The trans craze has created new sacred groupings with associated mutilation practices consonant with initiation rites given to adolescents in many societies throughout history. The increasing number of vaccinations given to young people also fits into this category of sacred rites during childhood.

Another childhood rite is teaching about sex. Van Gennep notes that the arrival of the second set of teeth is the marker for the beginning of sex education in many cultures which would put the age of sex education at 7 years old. The recent craze in exposing young children to sexually explicit material fits this category as do moves by globalist bodies to reduce the age of consent which would revert back to non-European historical norms (the northern European paradigm is anthropologically unusual for the late age of both consent and marriage).

Here in Australia, we have the Welcome to Country ceremonies which refer back to the sacred rites performed on the traveller in non-European culture. We see similar concepts in New Zealand, Canada and the US with land acknowledgements.

Corona is, of course, the big one; possibly the first ever global sacrament. Before corona, each of was profane: pure, un-diseased, not dangerous. In the early days of 2020, we all became sacred: impure, diseased and dangerous. It didn’t matter that you had no symptoms. Having no symptoms just meant you were asymptomatic. Everybody was now sacred.

Having moved everybody into the sacred category, we needed a purification rite to get them back to the profane. That was the vaccine; your ticket back to “normality”.

Corona was a perfect example of the structure that Van Gennep identified. Every sacred rite of passage has three stages: separation, transition and incorporation. The lockdowns were the separation phase. The incorporation phase was the vaccines. In the transition phase, we were told we were entering a new normal and that is totally fitting because the whole point of a rite of passage is to transition out of an old world and into a new one.

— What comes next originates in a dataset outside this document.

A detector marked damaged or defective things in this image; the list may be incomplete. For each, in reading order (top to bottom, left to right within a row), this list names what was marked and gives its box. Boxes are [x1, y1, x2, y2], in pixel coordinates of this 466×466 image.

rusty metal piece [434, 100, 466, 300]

The problem with every one of these new “sacred” rites is that they are not really intended to bring us back to the profane. On the contrary, they seem custom designed to keep us in an eternal sacred state. The never-ending new covid variants and the never-ending booster shots to go with them (the word “booster” implies energy and power and, therefore, sacredness).

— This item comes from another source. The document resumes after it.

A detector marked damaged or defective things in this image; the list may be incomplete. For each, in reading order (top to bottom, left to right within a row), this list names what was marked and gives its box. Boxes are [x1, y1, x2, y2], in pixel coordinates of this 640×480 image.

This makes perfect sense when you consider that all this is driven by the Dominant Minority of Faustian culture. From the Dominant Minority’s point of view, the general public really is sacred; it is dangerous and impure. That is why all of these new rites have suddenly appeared in the wake of the Trump and Brexit votes which were markers of the power of the public. Ironically, this eternal “sacredness” that never lets up is just Protestantism re-packaged for the modern world.

Once again, the Faustian represents the inversion of the Classical. The Dominant Minority in Ancient Rome governed by pushing exoteric rites that no longer had any esoteric content. The esoteric was re-created from the Proletariat in the form of Christianity. In the modern West, it is the Proletariat who still believes in the exoteric institutions and morality of society while the Dominant Minority undermines those institutions esoterically. The Dominant Minority of Rome was trying to keep its population unified. The Dominant Minority of the West rules by divide and conquer.

What has changed in the last 30 years is that the esoteric activities of the Dominant Minority are no longer productive but destructive. That’s the sign that we are moving out of the Universal State and into what Toynbee called the Interregnum. According to Toynbee, we should now see a new religion arise from the Proletariat.

Both Toynbee and Spengler, and also Jung in a more roundabout way, predicted that it would be Christianity that would rise again to form that new religion. Although that seems incredibly unlikely looking at the current state of the church, I think they are right. Once the lights start going out and the internet is unavailable, people will have to turn somewhere for sacred guidance and, as much as we deny it, our culture is still predicated to an enormous extent on Christian assumptions. It won’t take much to rediscover those assumptions. It may very well be that the second coming of Christ really is at hand.